(INSTRUCTIONS TO FOLLOW):
Starting with the line that has "Vue macro du" in the records below and stopping after the line that has "Stock Photo - Northern", output every line exactly and nothing else; skip pictures.

(Stored dataset items):
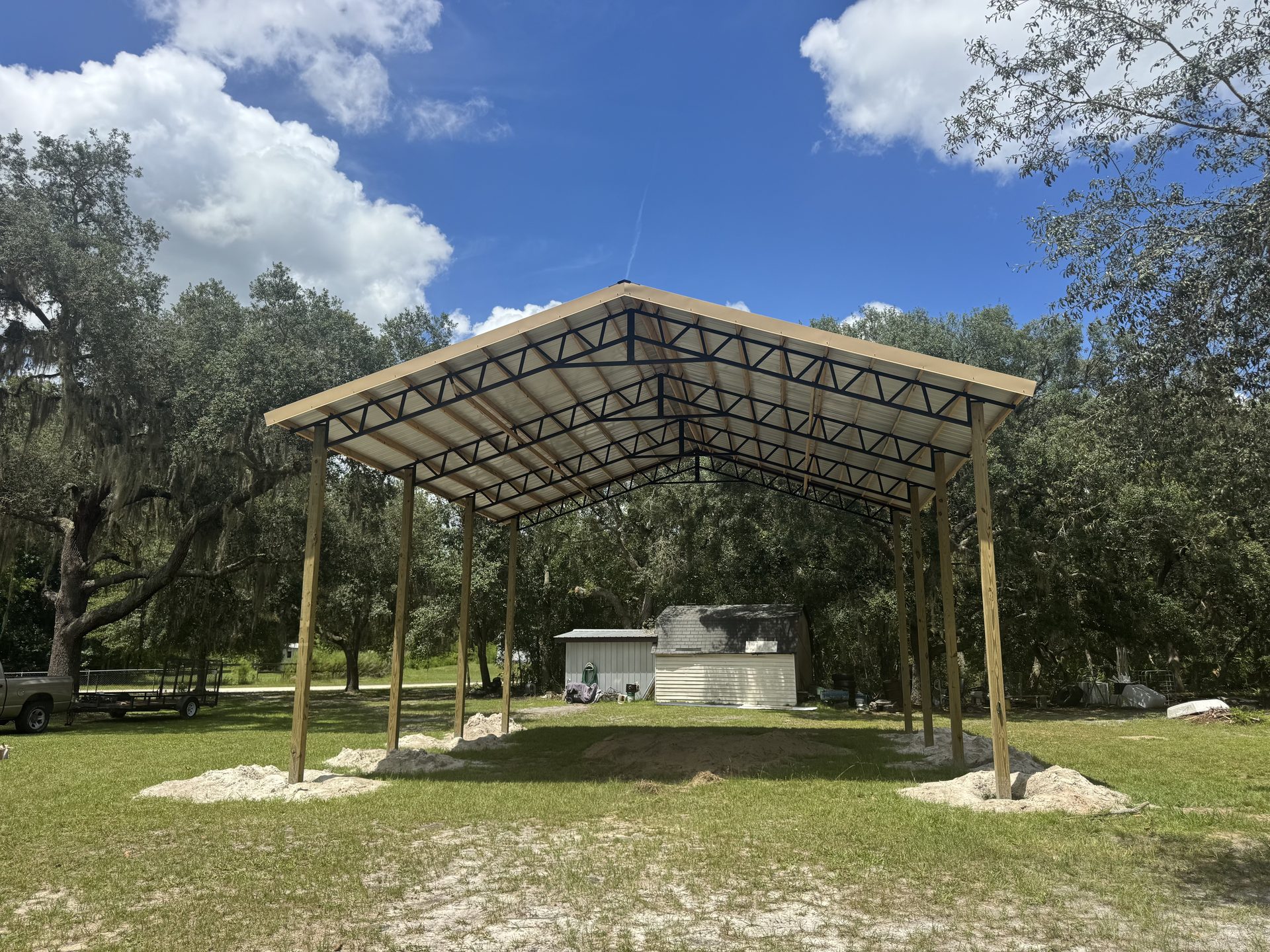 Completed pole barn on cleared Florida lot with gravel drive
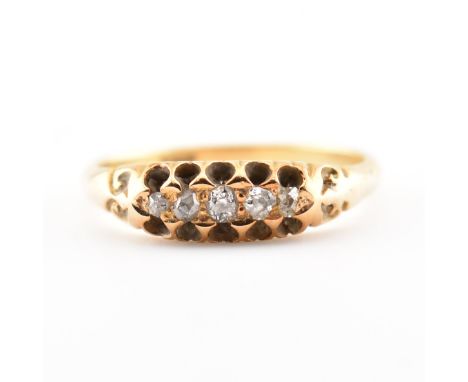 An 18ct yellow gold &amp; diamond five stone ring. The ring having five round cut graduating diamonds to a buttercup setting 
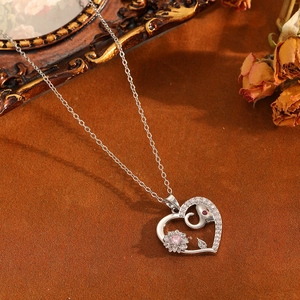 Vue macro du collier cœur argenté avec fleur en pierre rose et détail éléphant en cristal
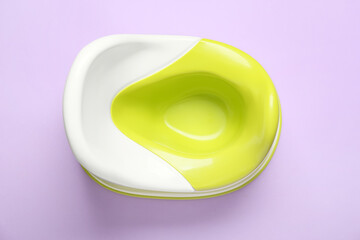Green and white potty on lilac background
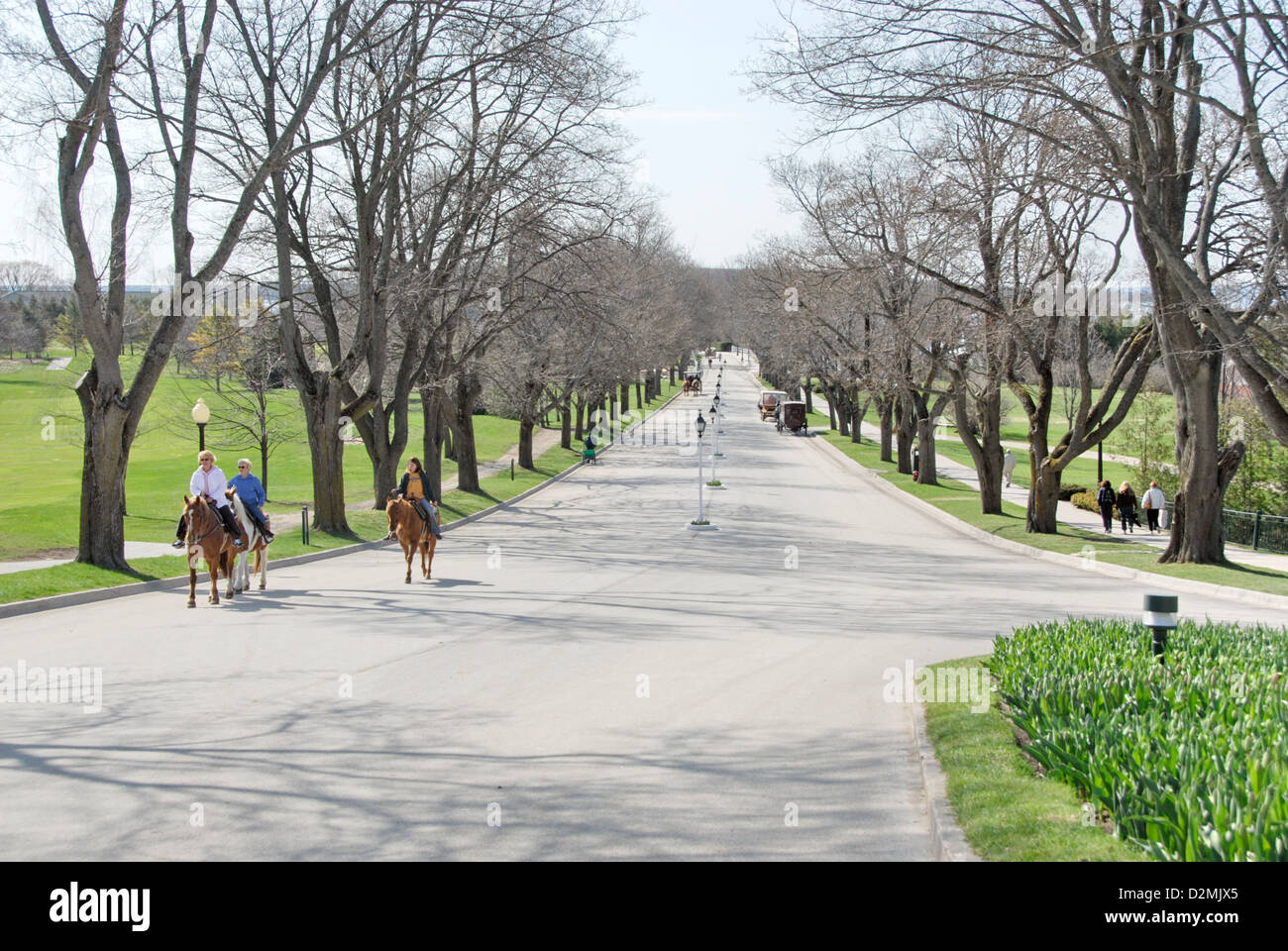 Horses and riders on Grand Avenue toward Grand Hotel, Mackinac Island,  Lake Huron, Michigan, USA Stock Photo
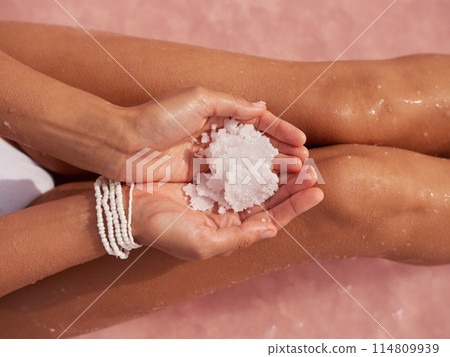 Close-Up Two Holding Hands a Rock of Salt From the Pink Salt Lake Close-Up Two Holding Hands a Rock of Salt From the Pink Salt Lake 114809939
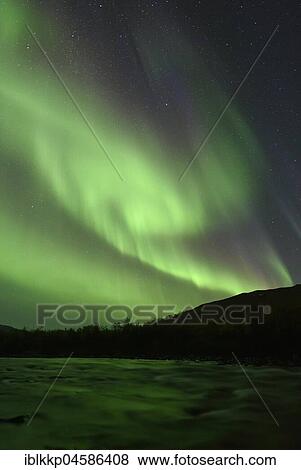 Stock Photo - Northern lights over the river Aisko in Abisko National Park, Sweden, Europe. Fotosearch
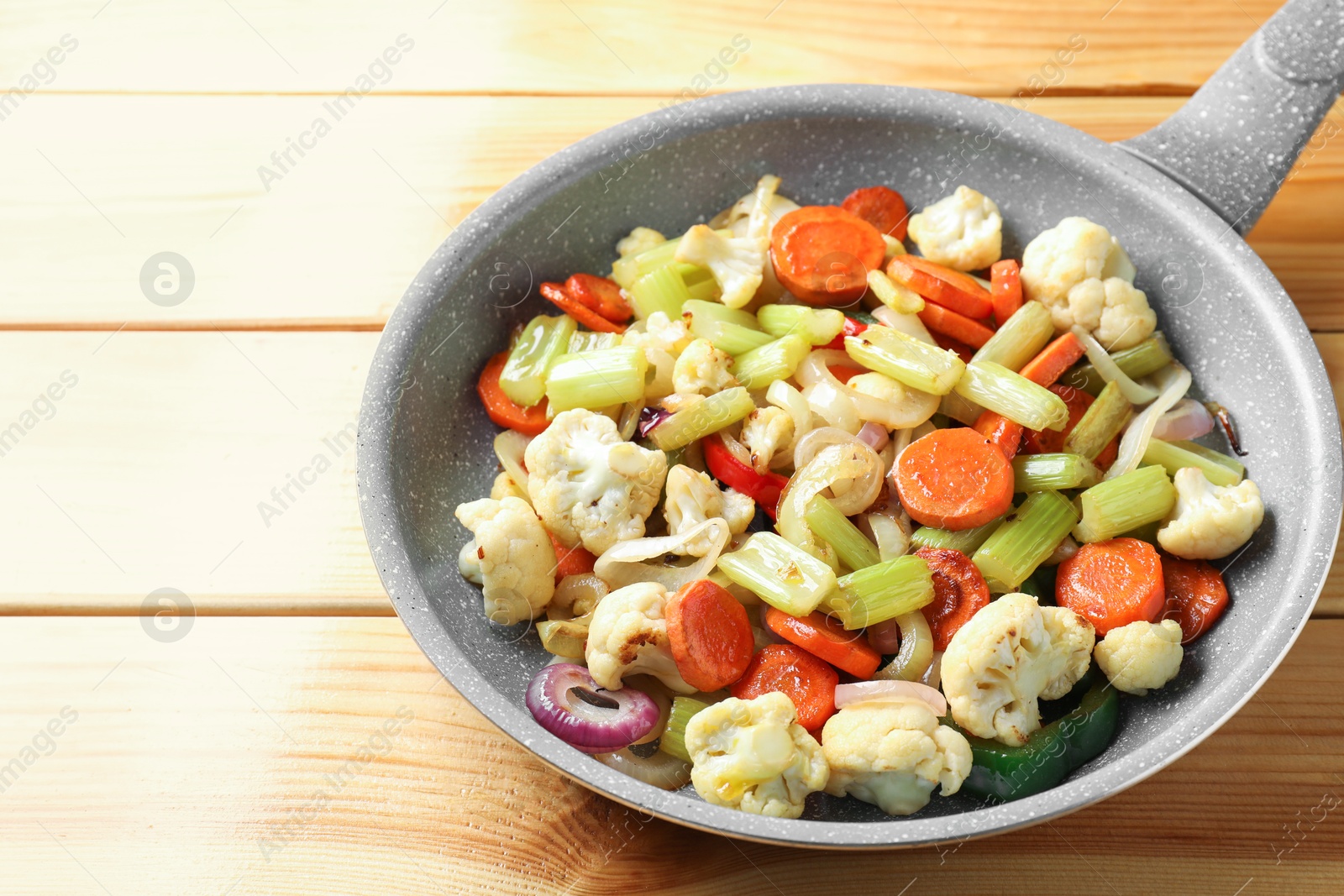 Photo of Frying pan with vegetables on wooden table, closeup. Space for text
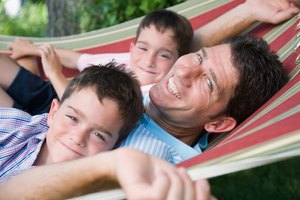 Smiling father and sons in hammock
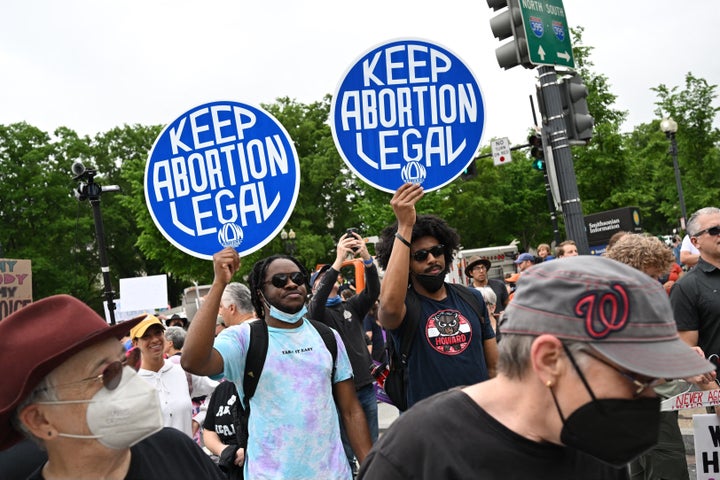 Activists take part in the Bans Off Our Bodies march at the Washington Monument.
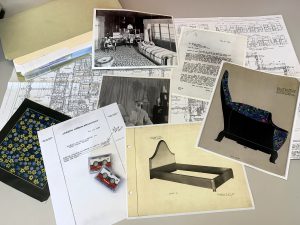 Documents with images of furniture, blueprints, and archival photos of the room laid out on a table.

(EXERCISE ANSWER):
 Vue macro du collier cœur argenté avec fleur en pierre rose et détail éléphant en cristal
Green and white potty on lilac background
 Horses and riders on Grand Avenue toward Grand Hotel, Mackinac Island,  Lake Huron, Michigan, USA Stock Photo
 Close-Up Two Holding Hands a Rock of Salt From the Pink Salt Lake Close-Up Two Holding Hands a Rock of Salt From the Pink Salt Lake 114809939
 Stock Photo - Northern lights over the river Aisko in Abisko National Park, Sweden, Europe. Fotosearch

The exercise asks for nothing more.